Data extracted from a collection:

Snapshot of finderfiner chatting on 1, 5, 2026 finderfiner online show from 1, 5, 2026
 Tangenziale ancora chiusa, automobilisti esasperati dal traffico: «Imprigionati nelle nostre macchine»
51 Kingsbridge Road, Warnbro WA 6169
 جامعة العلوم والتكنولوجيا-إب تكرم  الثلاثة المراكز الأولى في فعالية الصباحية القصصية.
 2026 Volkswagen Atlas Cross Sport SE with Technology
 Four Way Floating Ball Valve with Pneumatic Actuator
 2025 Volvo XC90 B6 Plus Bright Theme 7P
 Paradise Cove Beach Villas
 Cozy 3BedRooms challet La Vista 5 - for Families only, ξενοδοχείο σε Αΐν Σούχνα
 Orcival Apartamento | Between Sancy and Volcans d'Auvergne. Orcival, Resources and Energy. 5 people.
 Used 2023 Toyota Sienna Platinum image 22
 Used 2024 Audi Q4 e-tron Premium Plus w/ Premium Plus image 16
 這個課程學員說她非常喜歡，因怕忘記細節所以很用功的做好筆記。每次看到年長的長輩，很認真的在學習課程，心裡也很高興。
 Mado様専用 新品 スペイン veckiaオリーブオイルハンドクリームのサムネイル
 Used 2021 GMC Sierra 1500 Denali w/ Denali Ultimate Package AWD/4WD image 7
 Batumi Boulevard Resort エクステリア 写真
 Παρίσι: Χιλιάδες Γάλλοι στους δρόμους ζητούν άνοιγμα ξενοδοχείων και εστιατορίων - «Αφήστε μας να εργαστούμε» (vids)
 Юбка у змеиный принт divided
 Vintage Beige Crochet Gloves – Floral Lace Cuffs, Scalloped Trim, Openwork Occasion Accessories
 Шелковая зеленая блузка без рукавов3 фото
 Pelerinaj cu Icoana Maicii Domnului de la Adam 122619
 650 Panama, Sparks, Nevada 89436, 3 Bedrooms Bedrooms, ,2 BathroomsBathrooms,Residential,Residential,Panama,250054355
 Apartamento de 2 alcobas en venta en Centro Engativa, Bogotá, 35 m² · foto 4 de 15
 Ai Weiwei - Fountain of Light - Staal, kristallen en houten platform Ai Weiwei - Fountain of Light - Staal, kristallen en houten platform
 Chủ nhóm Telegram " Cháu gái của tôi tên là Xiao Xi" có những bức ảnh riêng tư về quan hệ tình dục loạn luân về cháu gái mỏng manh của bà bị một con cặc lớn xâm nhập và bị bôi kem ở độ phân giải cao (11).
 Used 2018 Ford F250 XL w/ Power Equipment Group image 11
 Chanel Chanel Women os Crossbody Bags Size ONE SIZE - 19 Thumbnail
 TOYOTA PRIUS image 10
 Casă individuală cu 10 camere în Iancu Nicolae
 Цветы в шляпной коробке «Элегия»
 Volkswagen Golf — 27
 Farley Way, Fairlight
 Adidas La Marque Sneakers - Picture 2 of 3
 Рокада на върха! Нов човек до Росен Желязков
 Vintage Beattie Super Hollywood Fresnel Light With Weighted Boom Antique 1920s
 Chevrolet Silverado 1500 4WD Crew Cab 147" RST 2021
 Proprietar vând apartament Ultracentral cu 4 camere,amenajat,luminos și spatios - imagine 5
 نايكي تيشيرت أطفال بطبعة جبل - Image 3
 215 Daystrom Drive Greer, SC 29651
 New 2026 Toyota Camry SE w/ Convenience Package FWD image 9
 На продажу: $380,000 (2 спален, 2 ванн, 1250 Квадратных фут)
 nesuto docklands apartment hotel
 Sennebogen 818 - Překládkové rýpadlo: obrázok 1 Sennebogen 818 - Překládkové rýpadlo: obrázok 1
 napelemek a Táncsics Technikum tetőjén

TASK OBJECTIVE: Extract the first line above and each line after it up to and including the one with "Paradise Cove Beach Villas", please, exactly and with nothing else.

WRITTEN RESPONSE:
Snapshot of finderfiner chatting on 1, 5, 2026 finderfiner online show from 1, 5, 2026
 Tangenziale ancora chiusa, automobilisti esasperati dal traffico: «Imprigionati nelle nostre macchine»
51 Kingsbridge Road, Warnbro WA 6169
 جامعة العلوم والتكنولوجيا-إب تكرم  الثلاثة المراكز الأولى في فعالية الصباحية القصصية.
 2026 Volkswagen Atlas Cross Sport SE with Technology
 Four Way Floating Ball Valve with Pneumatic Actuator
 2025 Volvo XC90 B6 Plus Bright Theme 7P
 Paradise Cove Beach Villas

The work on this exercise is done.